Da promessa de restituição de “poder de compra aos trabalhadores e às classes mais desfavorecidas”. Do cancelamento (mais ou menos) rápido das medidas “de austeridade”. De uma “total abertura” às reivindicações dos grandes sindicatos (concessão ao PCP).
De uma ainda maior largueza face a medidas “revolucionárias” da moral e dos costumes tradicionais (concessão ao BE).
Como funciona isto na prática?
Como um casamento de conveniência, em que os nubentes não precisam de se amar, mas protegem um património comum: abstêm-se de comentar a fealdade de cada um, mas têm o olho atento ao possível desaparecimento dos diamantes.
Seria possível um “arranjo” parecido com um governo PSD-CDS, ou PSD apenas, fosse na versão PSL ou na modalidade Rio? Com o BE pareceme difícil, com o PCP não me parece impossível. Até agora, achou-se que a “comunhão de valores” entre os partidos do apregoado “arco de governabilidade” levava a coligações ou acordos (“pontuais”, “circunstanciais” ou “estratégicos”) apenas entre PSD, PS e CDS/PP. PCP e BE, como antes a UDP, pertenciam a outra galáxia.
Mas as coisas mudaram, face à dificuldade de formação de maiorias absolutas, ao desprestígio dos grupos parlamentares tradicionais, à abstenção, ao crescimento de independentes, às várias transformações doutrinais e ao aparecimento de novas tendências na moda partidária.
Em tempo de fome, todos comem sapos vivos. Formalmente, o recurso começou com o apoio de Cunhal a Soares. Mas teve a consumação perfeita na “geringonça”.

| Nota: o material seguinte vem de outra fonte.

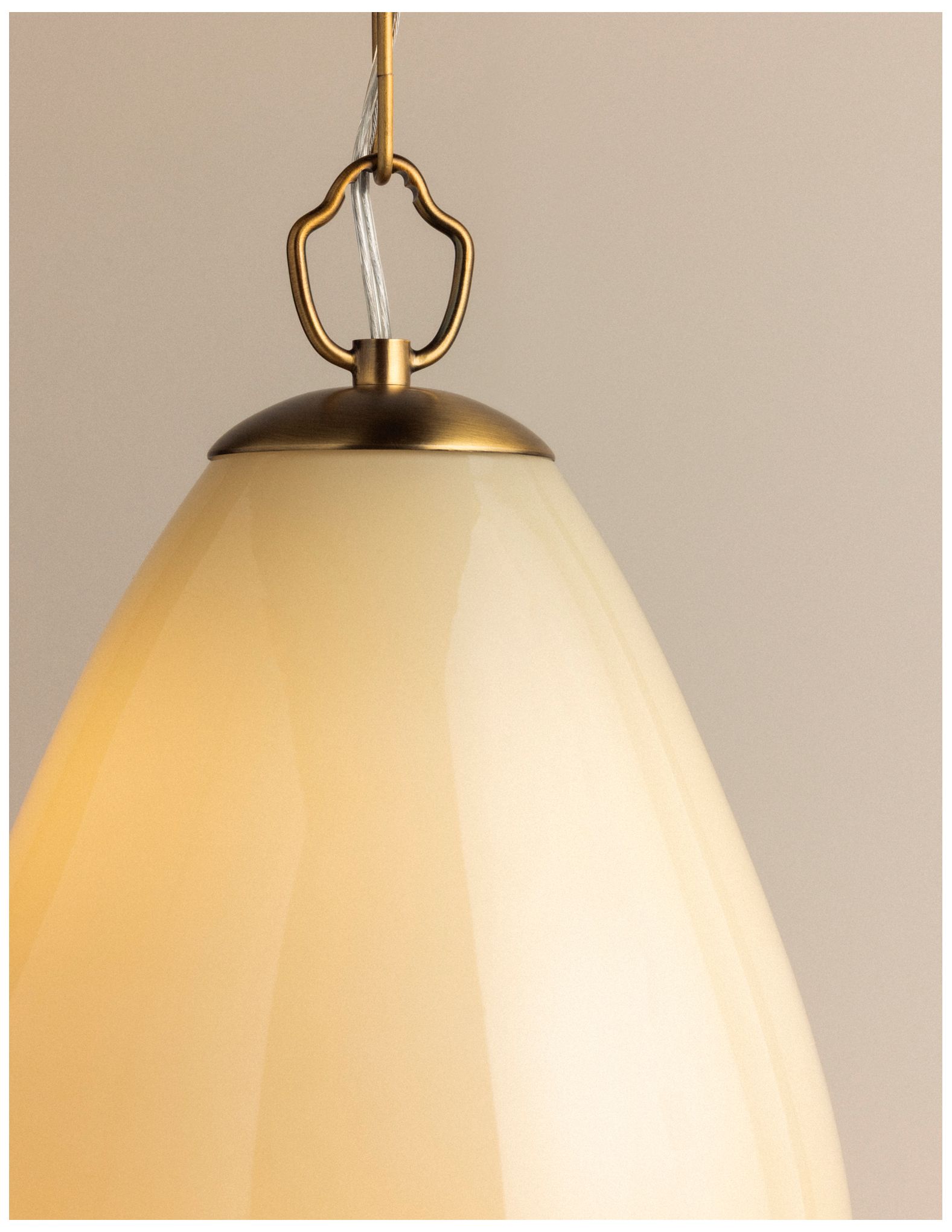 Mitzi Maliah Pendant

E sendo certo que PSD e CDS se reclamam como partidos cada vez mais “nacionais” e tentados a um certo populismo, cada vez mais “pragmáticos” e menos programáticos, e que o PCP também se nacionalizou, por fases, e defende hoje uma espécie de “patriotismo social”, não seria impensável um apoio deste a um governo daqueles, com as mesmas (ou mais) condições que colocou a Costa.
Muitos falam já disto. E não só nos recantos discretos, ou em sussurro. E não só por causa da impaciência de Marcelo.
E não só por causa dos “ses”, “mas” e “no entanto” na votação do OGE.
P.S. – O Urban Beach é um dos lugares de eleição de Lisboa, que devia orgulhar-nos. Teria tudo para ser um dos melhores espaços de diversão da Europa. Mas não pode haver transigência em matérias de vida ou de morte. E os poderes públicos têm de manter a tranquilidade na rua, com PSP ou Polícia Municipal. Esta coopera com aquela em matérias de protecção (LPM, art.2º, 2), identificando, detendo e conduzindo à justiça os surpreendidos em flagrante delito (LPM, art. 4º,1, al. e). O presidente da CML não pode assim cometer o grave dislate de dizer que não lhe compete a segurança da cidade.